Update – April 9, 2009: Vancouver Video Production Blog workflow featured on Matrox RTX2 User Forum.


After six months of workflow testing I completed my Matrox RT.X2 LE review for EventDV Magazine in December. The article appears in the March 2009 edition. The RT.X2 is a hardware card that provides real-time previews and accelerated exports for SD and HDV on my editing software, Premiere Pro CS3.

The Problem

In the article I mention that one of my biggest critiques with the RT.X2 is that it does not support my tapeless workflow – AVI files on compact flash using the Sony HVR-MCR1K, pictured here with my Sony HVR-Z7U.
The RT.X2 handles HDV footage but for some reason does not support these specific AVI files, which are supported natively in Premiere Pro CS3. Seeing that CF recording is my current workflow, replacing my old MiniDV tape workflow, I was very concerned. Unfortunately Matrox did not have a solution to this problem and did not offer a timeline or promise of a fix in a future update and my calls to Sony Canada about the issue had them scratching their heads as to why the RT.X2 would have problems with a simple AVI file.

Why it Doesn’t Work
When I attended the recent MVCC Technology Expo, I sat-in on a Sony HDV presentation and something caught my attention on one of the slides for the HVR-MCR1K Compact Flash recorder – the words “AVI Type 1”.

Sony records AVI files on the CF card using the AVI Type 1 standard but Matrox only supports AVI type 2 files (Premiere Pro CS3 supports both Type 1 and Type 2). So in order to get my AVI files from CF card to work using the RT.X2 LE, I have to first convert them from AVI Type1 to AVI Type 2. I could use Premiere Pro CS3 to do the conversion but there is no way to quickly batch convert 100’s of individual files without creating a single larger file.

The Solution
My solution was to use a program called the Canopus DV File Converter, a handy program that hasn’t been updated since V1.1 in 2001, and that I can no longer find on Canopus’ website. I found a free download at videohelp.com. The DV File Converter allows me to select multiple files and convert them to my choice of codec (I chose Microsoft DV AVI 2) and even lets me decide if I want to keep or delete the original files to save on hard drive space.

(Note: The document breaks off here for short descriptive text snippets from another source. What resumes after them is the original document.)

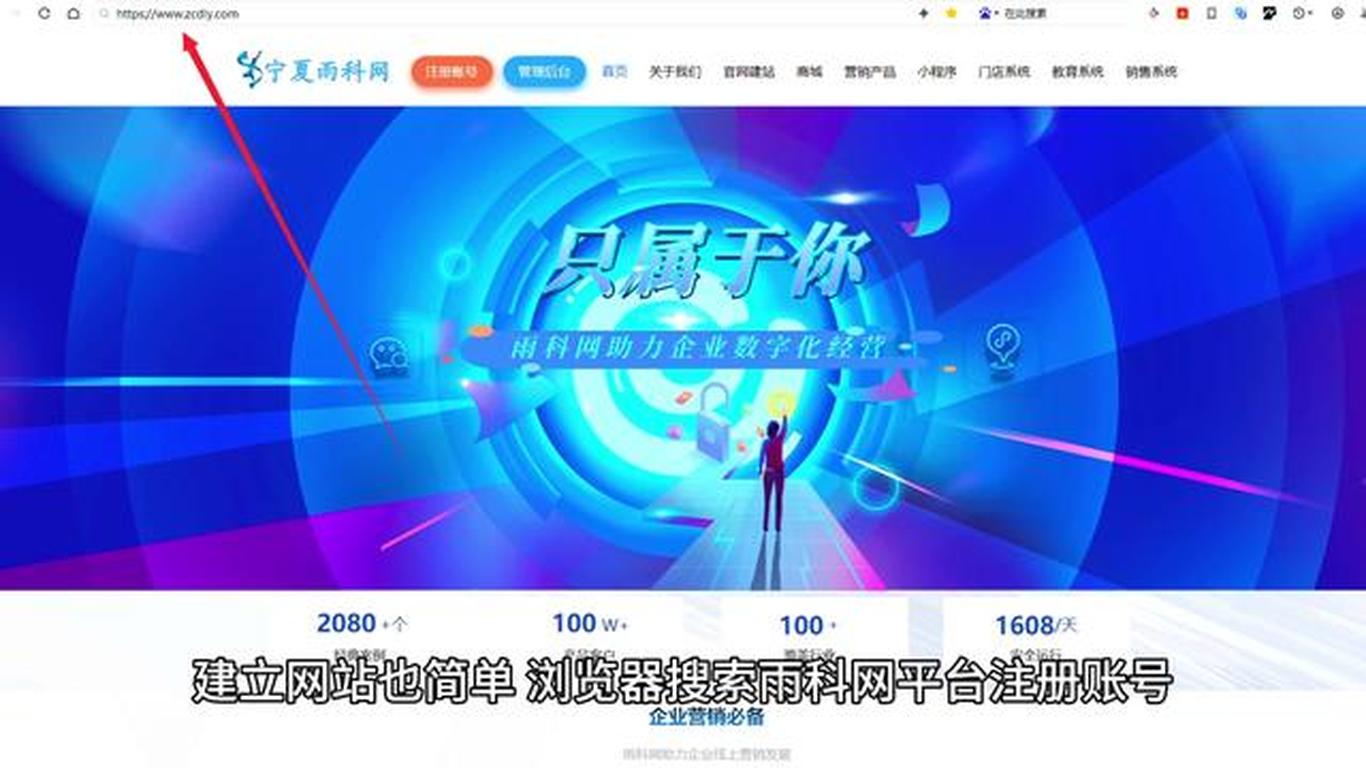 今日头条新闻投稿邮箱,探索与解析,今日头条新闻投稿邮箱探索与解析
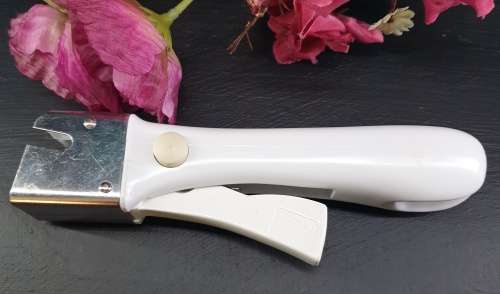 Acroflam Handle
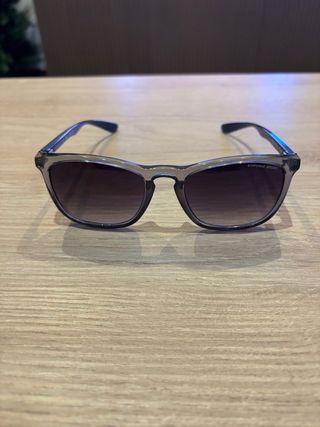 Occhiali da sole Emporio Sport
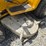 cub-cadet-1100-image-6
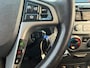 Hyundai i20 1.2i Go!|1e Eigenaar|Airco|Cruise|Bleutooth|ElektrischeRamen|LMV|N.A.P|VolledigOnderhouden|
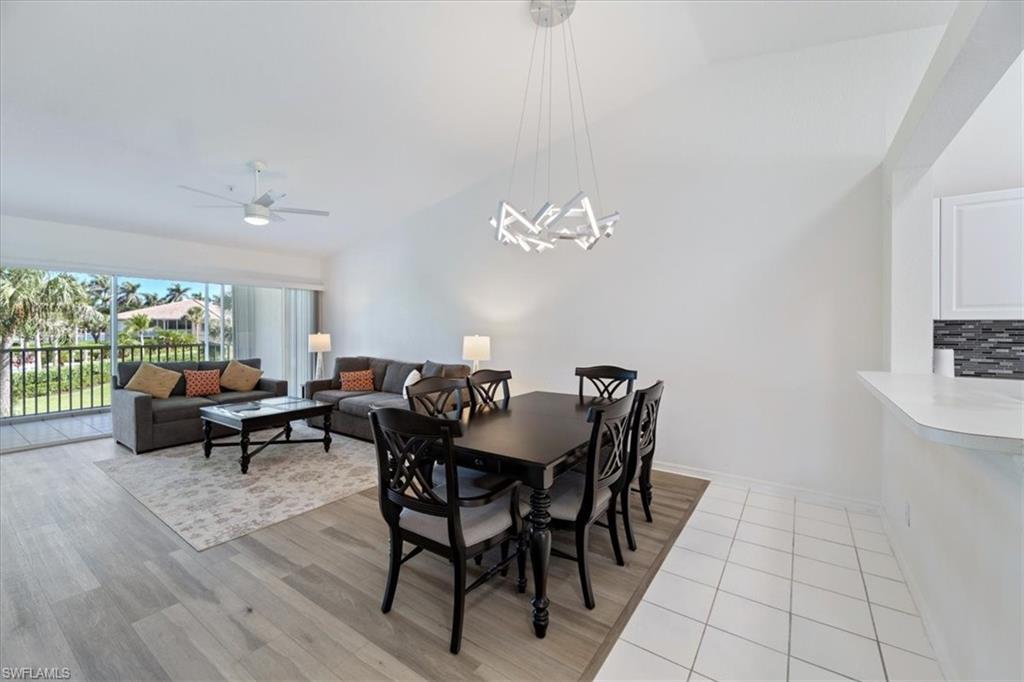 Naples, Florida 34113, United States, 3 Bedrooms Bedrooms, ,2 BathroomsBathrooms,Residential,Active,125424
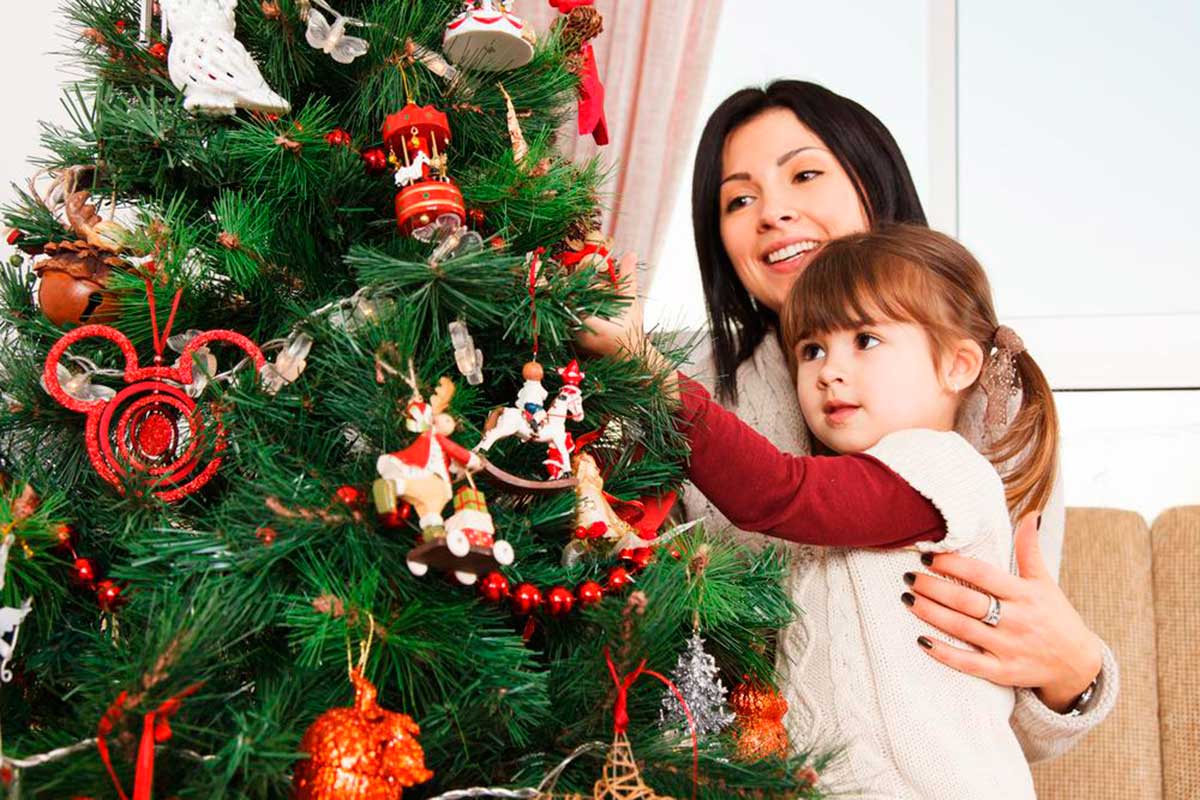 Anuncian medidas de seguridad en las fiestas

The conversion was very quick and because I can both batch convert and select my destination folder, I can convert all the files directly from my CF card to my project folder in a single step. The conversion and transfer time took 15 minutes for 2 hours of footage. Upon import into Premiere Pro CS3 I had to take the additional step of interpretting the footage to a pixel aspect ratio of 1.2 as it defaulted to 0.9 but I was able to select all my files and apply the change to all my clips.
The Bottom Line
The Canopus DV File converter allows me to benefit from a tapeless CF AVI SD workflow (longer record times and redundant tape back-up) while using the Matrox RT.X2 LE. And the best part is that the software doesn’t cost a dime.